Task statement:
Please give, exactly as they appear below, the line with "Doniczka produkcyjna biała" and every line after it through the final one, and nothing else.

Web page caption snippets:
───

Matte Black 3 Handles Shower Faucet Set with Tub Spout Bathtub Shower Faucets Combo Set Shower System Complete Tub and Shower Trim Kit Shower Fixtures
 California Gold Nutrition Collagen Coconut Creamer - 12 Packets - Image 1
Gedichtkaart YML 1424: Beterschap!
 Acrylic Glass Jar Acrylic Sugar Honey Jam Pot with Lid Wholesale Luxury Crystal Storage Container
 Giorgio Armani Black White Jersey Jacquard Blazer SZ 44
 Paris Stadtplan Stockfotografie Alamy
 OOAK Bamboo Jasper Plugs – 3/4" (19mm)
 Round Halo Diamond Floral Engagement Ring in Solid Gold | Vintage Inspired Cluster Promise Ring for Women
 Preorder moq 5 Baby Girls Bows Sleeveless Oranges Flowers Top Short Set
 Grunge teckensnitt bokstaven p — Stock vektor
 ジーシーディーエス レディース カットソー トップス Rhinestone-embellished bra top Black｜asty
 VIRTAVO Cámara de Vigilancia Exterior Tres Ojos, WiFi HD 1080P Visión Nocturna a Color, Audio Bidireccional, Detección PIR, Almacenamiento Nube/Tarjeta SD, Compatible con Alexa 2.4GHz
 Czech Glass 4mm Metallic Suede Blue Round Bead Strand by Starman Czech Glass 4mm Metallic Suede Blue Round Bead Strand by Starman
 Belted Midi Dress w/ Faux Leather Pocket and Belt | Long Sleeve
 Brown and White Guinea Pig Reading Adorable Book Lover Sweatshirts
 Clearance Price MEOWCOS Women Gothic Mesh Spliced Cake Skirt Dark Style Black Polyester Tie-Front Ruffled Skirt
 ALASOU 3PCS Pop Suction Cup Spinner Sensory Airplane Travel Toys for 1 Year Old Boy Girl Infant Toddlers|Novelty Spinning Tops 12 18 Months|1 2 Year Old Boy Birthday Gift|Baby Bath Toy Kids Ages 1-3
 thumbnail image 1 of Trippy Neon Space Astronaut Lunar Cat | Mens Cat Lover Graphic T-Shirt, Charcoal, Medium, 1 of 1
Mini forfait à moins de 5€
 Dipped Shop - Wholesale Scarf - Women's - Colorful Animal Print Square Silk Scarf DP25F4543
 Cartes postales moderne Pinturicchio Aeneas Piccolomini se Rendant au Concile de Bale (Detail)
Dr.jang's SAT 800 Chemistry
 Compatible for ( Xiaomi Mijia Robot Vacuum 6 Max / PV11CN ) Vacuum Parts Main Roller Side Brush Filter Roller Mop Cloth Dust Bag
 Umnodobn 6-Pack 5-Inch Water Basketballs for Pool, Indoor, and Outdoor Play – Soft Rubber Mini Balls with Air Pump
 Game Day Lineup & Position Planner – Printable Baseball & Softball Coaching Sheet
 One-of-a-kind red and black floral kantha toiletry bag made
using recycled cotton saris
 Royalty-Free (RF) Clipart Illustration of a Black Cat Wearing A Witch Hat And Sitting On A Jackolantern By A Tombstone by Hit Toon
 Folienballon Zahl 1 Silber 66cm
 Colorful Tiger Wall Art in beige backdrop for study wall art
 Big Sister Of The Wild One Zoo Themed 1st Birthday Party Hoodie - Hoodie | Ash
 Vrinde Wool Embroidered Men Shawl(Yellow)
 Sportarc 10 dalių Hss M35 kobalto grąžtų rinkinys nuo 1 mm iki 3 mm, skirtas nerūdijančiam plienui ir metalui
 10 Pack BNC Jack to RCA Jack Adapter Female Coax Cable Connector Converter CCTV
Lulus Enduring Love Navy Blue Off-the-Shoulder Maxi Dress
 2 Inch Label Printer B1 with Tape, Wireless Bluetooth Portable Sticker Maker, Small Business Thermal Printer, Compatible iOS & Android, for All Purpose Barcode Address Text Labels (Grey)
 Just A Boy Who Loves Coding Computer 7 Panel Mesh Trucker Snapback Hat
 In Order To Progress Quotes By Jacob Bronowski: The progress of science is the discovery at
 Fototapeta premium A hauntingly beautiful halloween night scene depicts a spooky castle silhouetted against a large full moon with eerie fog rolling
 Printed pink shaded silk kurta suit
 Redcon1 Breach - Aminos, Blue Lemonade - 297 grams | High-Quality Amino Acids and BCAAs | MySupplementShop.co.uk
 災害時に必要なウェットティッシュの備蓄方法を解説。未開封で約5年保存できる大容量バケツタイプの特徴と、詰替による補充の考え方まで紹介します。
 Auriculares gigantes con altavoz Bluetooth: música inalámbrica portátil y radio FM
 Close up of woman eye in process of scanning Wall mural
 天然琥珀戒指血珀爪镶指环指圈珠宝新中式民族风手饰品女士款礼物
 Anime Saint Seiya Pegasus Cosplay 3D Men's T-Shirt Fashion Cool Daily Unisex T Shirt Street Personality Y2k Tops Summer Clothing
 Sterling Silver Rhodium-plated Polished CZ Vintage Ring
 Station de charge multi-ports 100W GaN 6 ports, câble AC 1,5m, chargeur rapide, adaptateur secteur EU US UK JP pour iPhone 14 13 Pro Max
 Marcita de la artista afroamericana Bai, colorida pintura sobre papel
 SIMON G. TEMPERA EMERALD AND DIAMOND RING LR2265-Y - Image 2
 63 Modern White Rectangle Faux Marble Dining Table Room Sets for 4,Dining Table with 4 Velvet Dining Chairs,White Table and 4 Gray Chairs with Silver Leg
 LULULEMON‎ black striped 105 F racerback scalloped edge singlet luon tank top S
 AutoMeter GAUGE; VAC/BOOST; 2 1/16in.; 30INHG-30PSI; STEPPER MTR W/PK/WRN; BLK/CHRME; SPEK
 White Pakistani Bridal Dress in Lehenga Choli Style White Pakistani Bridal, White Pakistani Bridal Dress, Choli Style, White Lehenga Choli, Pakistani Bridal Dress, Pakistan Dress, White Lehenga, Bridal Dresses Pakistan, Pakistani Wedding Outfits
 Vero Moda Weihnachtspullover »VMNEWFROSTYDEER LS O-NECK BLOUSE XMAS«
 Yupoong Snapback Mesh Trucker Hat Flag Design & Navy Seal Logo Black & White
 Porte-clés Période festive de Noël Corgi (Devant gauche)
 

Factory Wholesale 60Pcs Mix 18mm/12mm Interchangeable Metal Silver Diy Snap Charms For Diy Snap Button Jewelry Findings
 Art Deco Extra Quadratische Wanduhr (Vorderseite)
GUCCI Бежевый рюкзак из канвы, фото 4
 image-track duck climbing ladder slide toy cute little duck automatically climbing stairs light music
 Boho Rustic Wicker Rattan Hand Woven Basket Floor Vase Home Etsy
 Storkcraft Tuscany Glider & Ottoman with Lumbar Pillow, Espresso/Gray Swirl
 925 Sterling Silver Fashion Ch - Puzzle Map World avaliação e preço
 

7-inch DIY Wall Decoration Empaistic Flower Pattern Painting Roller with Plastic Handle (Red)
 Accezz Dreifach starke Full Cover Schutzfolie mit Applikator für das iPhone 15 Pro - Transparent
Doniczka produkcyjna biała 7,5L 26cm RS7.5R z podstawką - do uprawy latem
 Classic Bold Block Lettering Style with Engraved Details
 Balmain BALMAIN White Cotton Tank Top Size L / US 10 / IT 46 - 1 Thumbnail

───

Exercise output:
Doniczka produkcyjna biała 7,5L 26cm RS7.5R z podstawką - do uprawy latem
 Classic Bold Block Lettering Style with Engraved Details
 Balmain BALMAIN White Cotton Tank Top Size L / US 10 / IT 46 - 1 Thumbnail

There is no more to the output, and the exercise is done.